*** Opening Exercise data ***
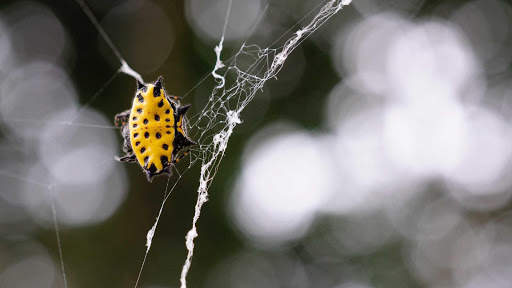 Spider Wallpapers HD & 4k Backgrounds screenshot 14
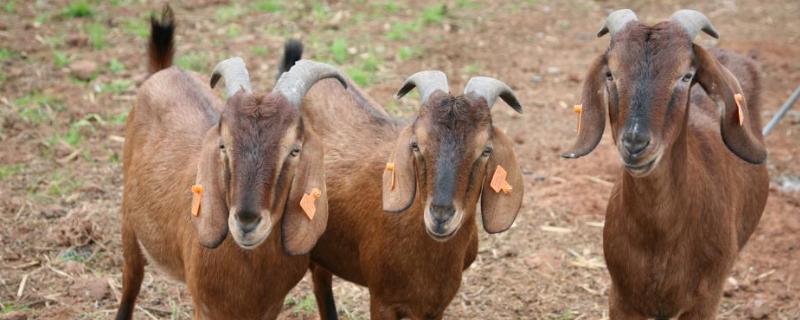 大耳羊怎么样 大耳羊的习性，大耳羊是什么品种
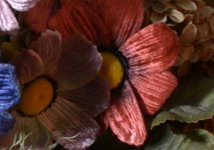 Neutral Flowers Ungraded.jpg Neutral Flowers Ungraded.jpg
*** Closing Exercise data ***
*** Opening Exercise data ***
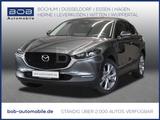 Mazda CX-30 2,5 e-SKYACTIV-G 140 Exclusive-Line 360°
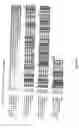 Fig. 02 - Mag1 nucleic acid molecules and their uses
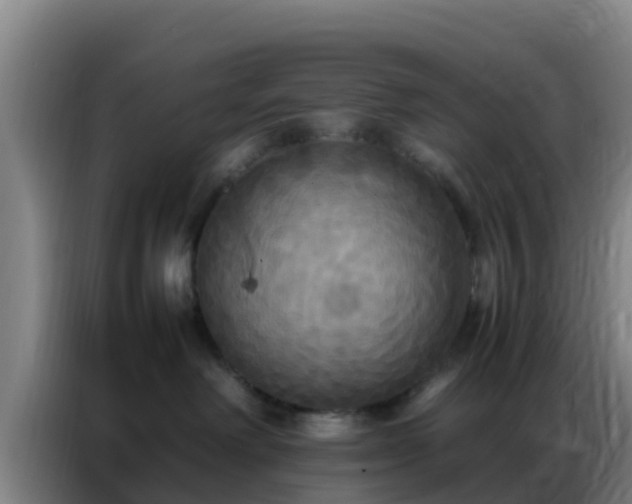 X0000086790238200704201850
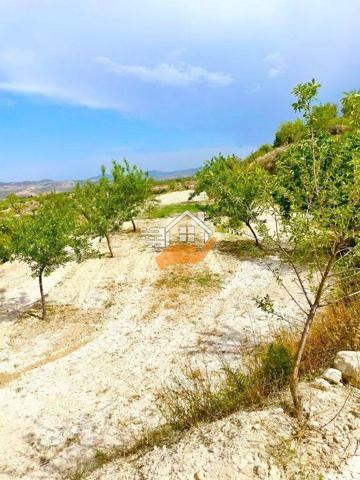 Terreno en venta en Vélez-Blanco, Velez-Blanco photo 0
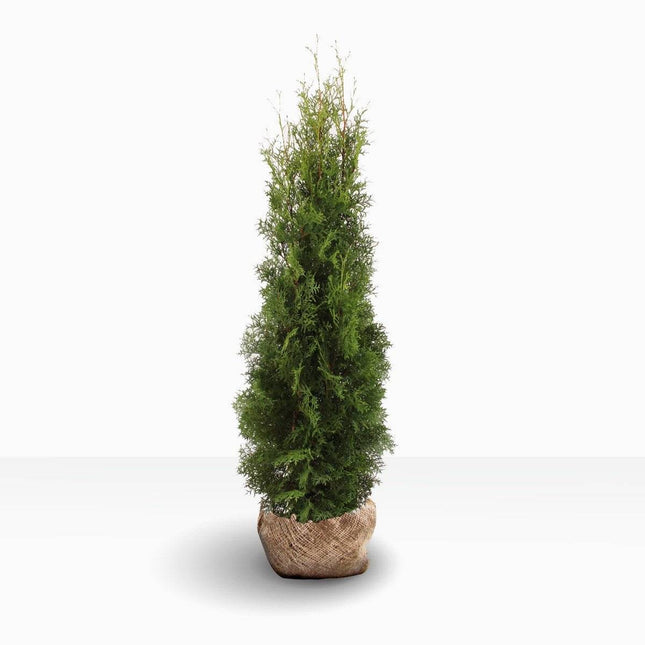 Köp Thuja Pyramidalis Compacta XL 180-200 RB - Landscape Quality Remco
*** Closing Exercise data ***
*** Opening Exercise data ***
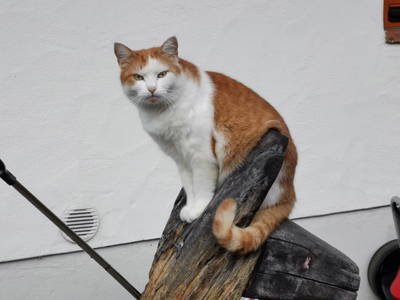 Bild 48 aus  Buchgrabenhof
*** Closing Exercise data ***
Action item:
Give back, exactly and without pictures, the stretch of the records above from the line containing "X0000086790238200704201850" through the line containing "Köp Thuja Pyramidalis", with both end lines included.

Solution for this exercise:
 X0000086790238200704201850
 Terreno en venta en Vélez-Blanco, Velez-Blanco photo 0
 Köp Thuja Pyramidalis Compacta XL 180-200 RB - Landscape Quality Remco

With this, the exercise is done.